Along that vein...I was considering yesterday as I was reading the strange combination of Austen's Northanger Abbey and Flaubert's Madame Bovary that as a young 20's woman, I'm something of a quandary. Everything about my life: my childhood, the example(s) I had growing up, the training I've received from my sisters and my mother - everything has prepared me for the eventuality of marriage and children. Yet every time I consider that life, I am filled with a strange dissatisfaction. I realized yesterday as I was picturing that life - my life like that - it's just not what I want, at least right now. I realize that may change, but the idea of being at home, running a home and raising my children alone while my husband works eight, nine hour days, five or six days a week is simply not how I want to spend the majority of my life. I feel like I have been made for something different. Not something better, or worse, just something different. Sometimes I think that is why God created me so autonomous; why I hardly ever feel lonely, even when it's just Him and I. I am contented alone, in a way that I think most people aren't. But as people keep telling me, this may change, and soon I will probably be filled with the same urge to find someone to share my life - and children - with that everyone else in their twenties seems to feel. Then again...maybe not.

Sunday, January 4, 2009

the state of being bummed and psyched at the same time....

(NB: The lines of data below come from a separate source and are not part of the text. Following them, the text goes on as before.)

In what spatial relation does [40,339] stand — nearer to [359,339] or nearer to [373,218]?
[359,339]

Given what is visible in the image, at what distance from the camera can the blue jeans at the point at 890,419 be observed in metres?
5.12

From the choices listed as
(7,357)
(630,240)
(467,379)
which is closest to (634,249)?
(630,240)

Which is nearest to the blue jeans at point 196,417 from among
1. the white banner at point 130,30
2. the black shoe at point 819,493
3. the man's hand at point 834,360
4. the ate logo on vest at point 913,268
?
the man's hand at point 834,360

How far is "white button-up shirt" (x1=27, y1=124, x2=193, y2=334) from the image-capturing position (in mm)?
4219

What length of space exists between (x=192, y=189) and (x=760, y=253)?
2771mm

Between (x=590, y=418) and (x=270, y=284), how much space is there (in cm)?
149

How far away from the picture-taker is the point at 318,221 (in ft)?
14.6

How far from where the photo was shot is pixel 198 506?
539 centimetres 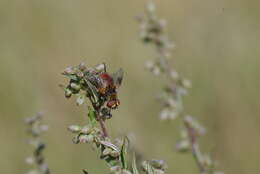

Christmas break was...well, practically perfect in every way. :D

I got to:

-Ice-skate
-go hiking in a foot of snow
-sledding!!
-shop numerous times w/ many different peeps
-eat tons and tons of amazingly awesome food prepared by Mom and my sisters
-go on a mini road trip
and best of all:
-spend Christmas and New Years with those I love more than anything else in the whole world.

It was difficult at times to realize in those occasional moments of startling perception that I was experiencing the holidays in the house of my growing up years for the last time. Out of all my family, I love change the most, and even I felt a sort of grief at the idea of losing such an important piece of my life. But we spent as much time as we could filling it with as many positive memories as we could cram into three weeks.

Sometimes I feel so unbelievably blessed, I am filled with a sort of fear that God is preparing me for unbelievable hardship. But in the moments that I am surrounded by the ones I love so much, and realize how much I am loved, I believe that as long as I can hold onto that, I can make it through anything.

And now, to escape the growing maudlin... ;)

Despite how hard it was to leave home today, I am filled with a growing excitement about this semester. It is shaping up to be completely crazy, but at this moment, I am filled with illogical optimism.

I'm okay with that.

:)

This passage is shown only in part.